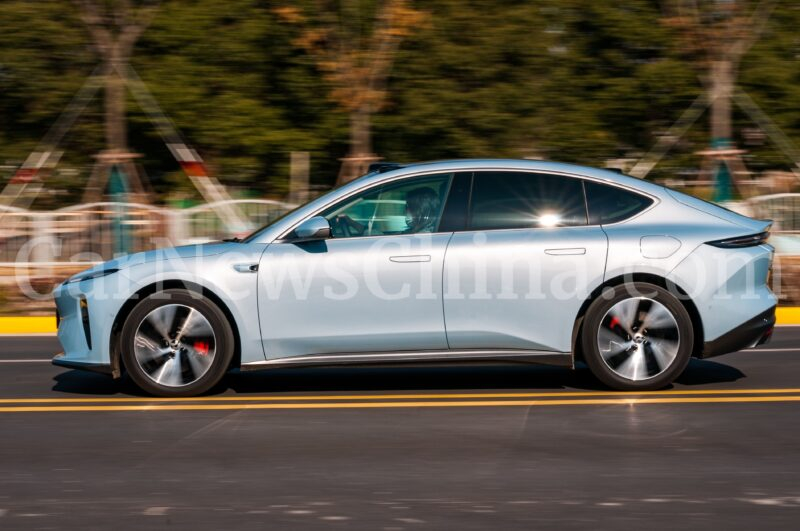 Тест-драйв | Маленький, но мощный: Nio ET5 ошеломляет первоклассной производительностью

────────

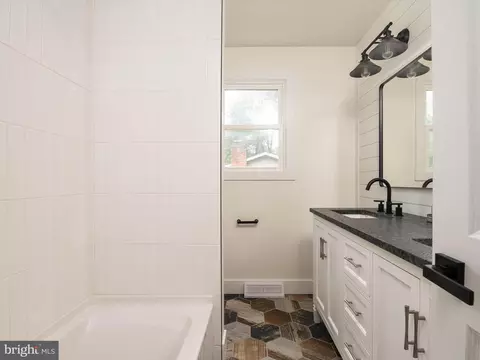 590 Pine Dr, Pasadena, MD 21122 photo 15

────────

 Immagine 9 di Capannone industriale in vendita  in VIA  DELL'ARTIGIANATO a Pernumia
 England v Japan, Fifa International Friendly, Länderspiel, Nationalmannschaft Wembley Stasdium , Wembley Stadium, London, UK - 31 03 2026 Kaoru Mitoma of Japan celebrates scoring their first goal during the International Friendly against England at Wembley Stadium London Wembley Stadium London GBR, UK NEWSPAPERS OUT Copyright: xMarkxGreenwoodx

────────

■ INSTRUCTIONS TO FOLLOW ■
Set down only the lines above that fall between the line holding "Immagine 9 di" and the line holding "England v Japan, Fifa", inclusive, keeping each exact.

■ YOUR SOLUTION ■
 Immagine 9 di Capannone industriale in vendita  in VIA  DELL'ARTIGIANATO a Pernumia
 England v Japan, Fifa International Friendly, Länderspiel, Nationalmannschaft Wembley Stasdium , Wembley Stadium, London, UK - 31 03 2026 Kaoru Mitoma of Japan celebrates scoring their first goal during the International Friendly against England at Wembley Stadium London Wembley Stadium London GBR, UK NEWSPAPERS OUT Copyright: xMarkxGreenwoodx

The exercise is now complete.